## Record set
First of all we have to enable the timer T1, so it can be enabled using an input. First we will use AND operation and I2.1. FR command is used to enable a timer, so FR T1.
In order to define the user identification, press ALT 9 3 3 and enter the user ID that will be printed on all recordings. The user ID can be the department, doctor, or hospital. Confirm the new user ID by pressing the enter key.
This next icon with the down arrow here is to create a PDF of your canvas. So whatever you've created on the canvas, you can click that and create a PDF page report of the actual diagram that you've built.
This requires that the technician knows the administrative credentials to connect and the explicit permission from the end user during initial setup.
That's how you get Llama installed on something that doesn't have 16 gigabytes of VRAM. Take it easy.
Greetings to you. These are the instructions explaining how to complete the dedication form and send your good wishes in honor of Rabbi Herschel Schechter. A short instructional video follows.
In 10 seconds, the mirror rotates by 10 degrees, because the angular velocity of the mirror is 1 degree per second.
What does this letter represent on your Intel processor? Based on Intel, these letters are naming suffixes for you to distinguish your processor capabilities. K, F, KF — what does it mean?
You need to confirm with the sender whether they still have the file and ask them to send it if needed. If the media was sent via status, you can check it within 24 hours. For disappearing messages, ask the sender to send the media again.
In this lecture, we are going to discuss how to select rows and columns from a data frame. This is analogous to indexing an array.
==
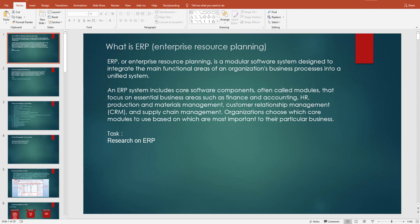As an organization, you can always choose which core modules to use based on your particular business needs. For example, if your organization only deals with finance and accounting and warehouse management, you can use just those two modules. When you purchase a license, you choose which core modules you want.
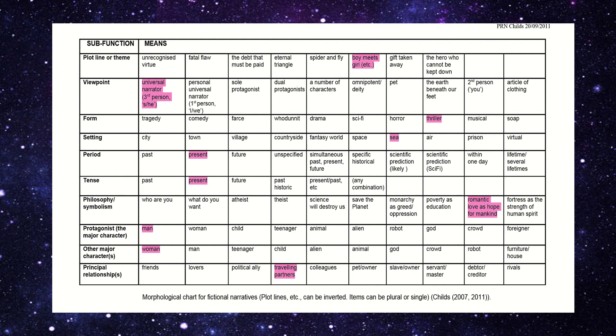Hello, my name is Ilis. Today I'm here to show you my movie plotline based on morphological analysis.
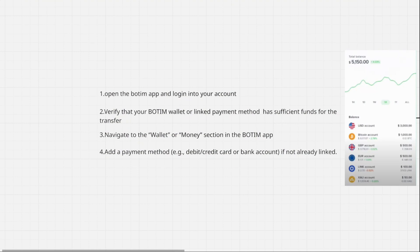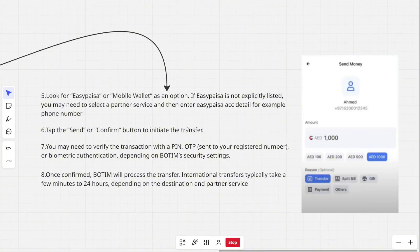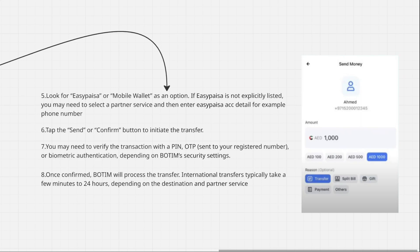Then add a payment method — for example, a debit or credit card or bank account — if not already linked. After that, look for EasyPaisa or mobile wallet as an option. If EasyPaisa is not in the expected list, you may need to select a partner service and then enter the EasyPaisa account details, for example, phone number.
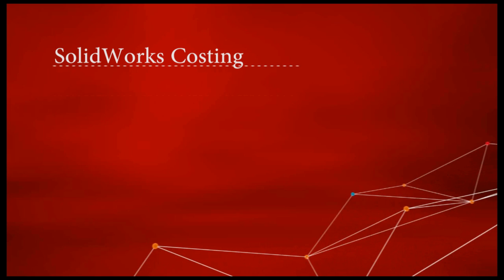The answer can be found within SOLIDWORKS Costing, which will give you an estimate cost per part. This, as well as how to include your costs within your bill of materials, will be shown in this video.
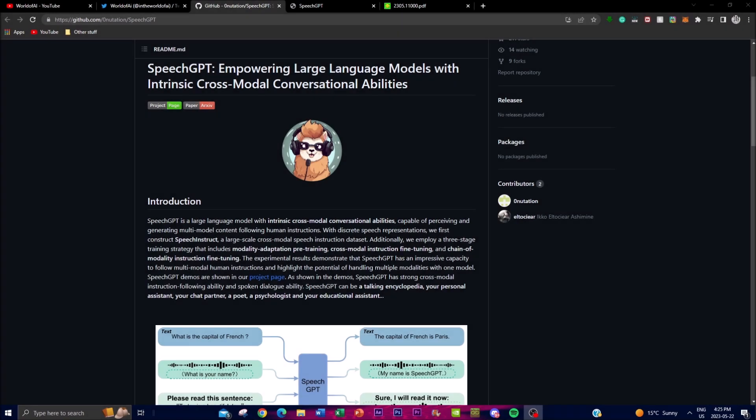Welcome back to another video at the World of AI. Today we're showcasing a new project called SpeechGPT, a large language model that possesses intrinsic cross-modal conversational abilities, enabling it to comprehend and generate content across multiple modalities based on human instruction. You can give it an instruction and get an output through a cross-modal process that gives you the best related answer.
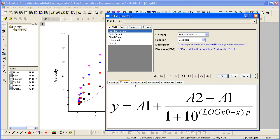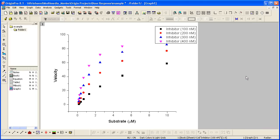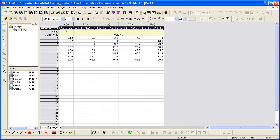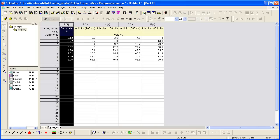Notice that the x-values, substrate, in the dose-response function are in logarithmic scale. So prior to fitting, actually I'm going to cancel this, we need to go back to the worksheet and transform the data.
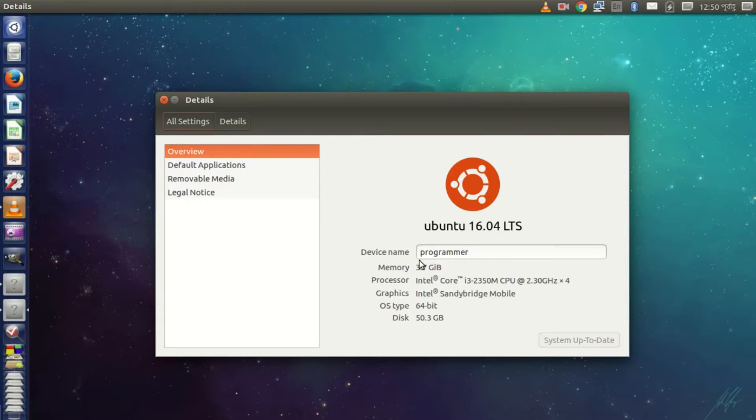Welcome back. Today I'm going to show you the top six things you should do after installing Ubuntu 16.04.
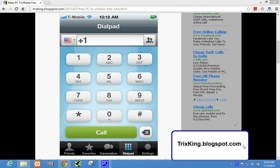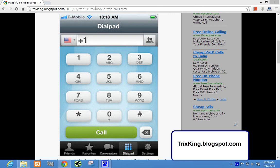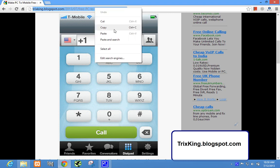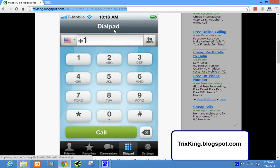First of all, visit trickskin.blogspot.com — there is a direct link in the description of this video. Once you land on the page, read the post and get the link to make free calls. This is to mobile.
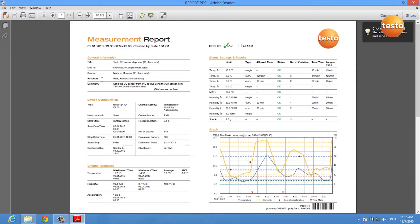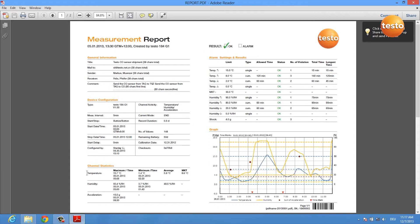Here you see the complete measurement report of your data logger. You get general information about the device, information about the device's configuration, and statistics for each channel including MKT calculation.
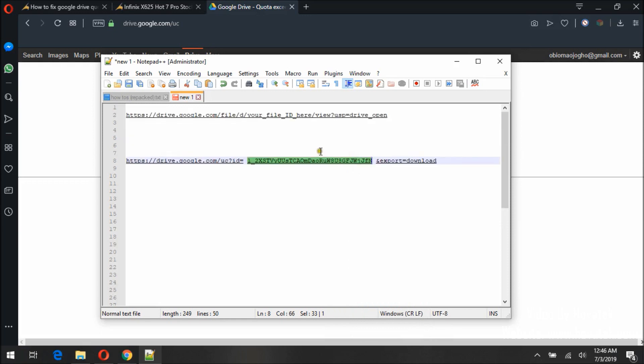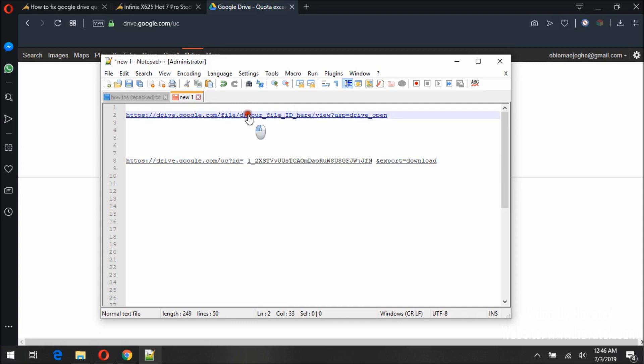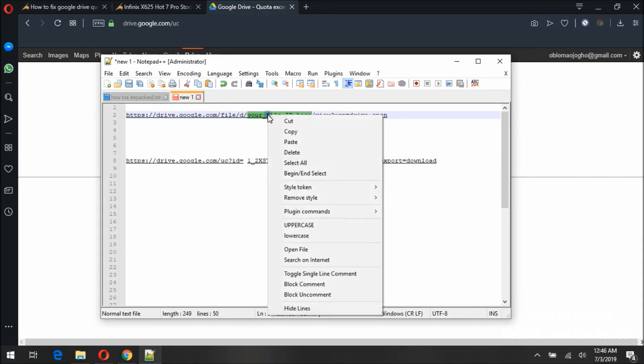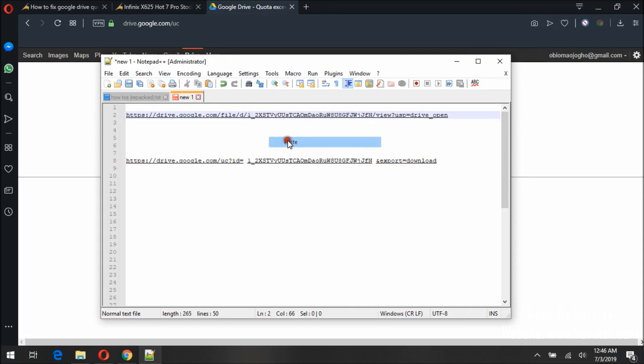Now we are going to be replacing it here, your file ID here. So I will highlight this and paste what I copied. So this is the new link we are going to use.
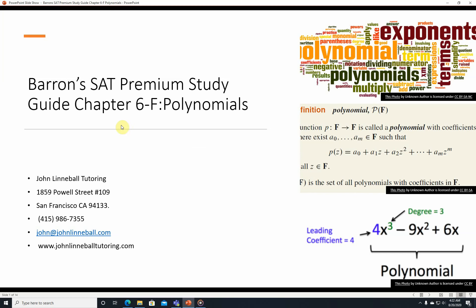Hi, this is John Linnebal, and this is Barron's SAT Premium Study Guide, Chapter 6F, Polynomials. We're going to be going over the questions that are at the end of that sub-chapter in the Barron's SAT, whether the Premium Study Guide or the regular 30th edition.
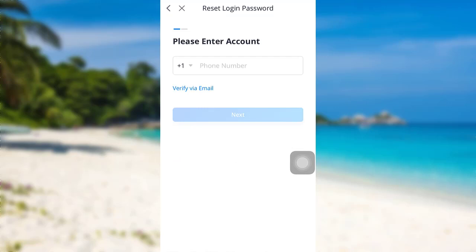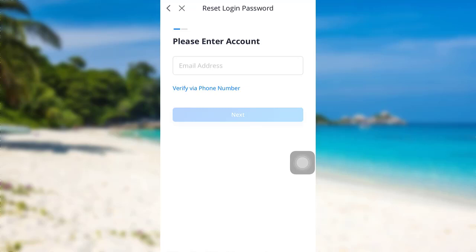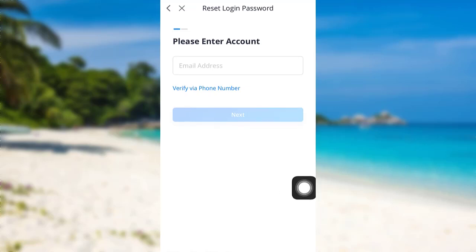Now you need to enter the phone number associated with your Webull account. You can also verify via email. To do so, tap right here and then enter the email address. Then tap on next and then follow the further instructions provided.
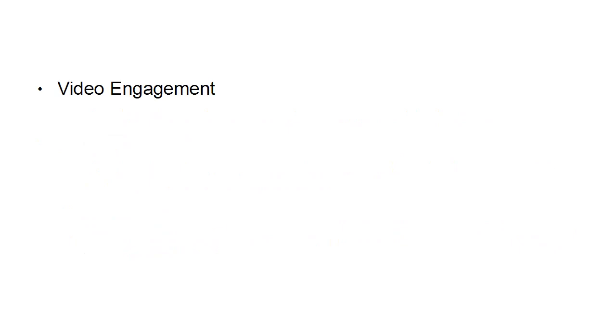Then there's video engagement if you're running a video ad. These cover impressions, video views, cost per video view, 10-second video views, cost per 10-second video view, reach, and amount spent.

## Problem statement
From the entries above, extract only the lines running from the one containing "What does this" through the one containing "In this lecture, we", inclusive.

## Solution below
What does this letter represent on your Intel processor? Based on Intel, these letters are naming suffixes for you to distinguish your processor capabilities. K, F, KF — what does it mean?
You need to confirm with the sender whether they still have the file and ask them to send it if needed. If the media was sent via status, you can check it within 24 hours. For disappearing messages, ask the sender to send the media again.
In this lecture, we are going to discuss how to select rows and columns from a data frame. This is analogous to indexing an array.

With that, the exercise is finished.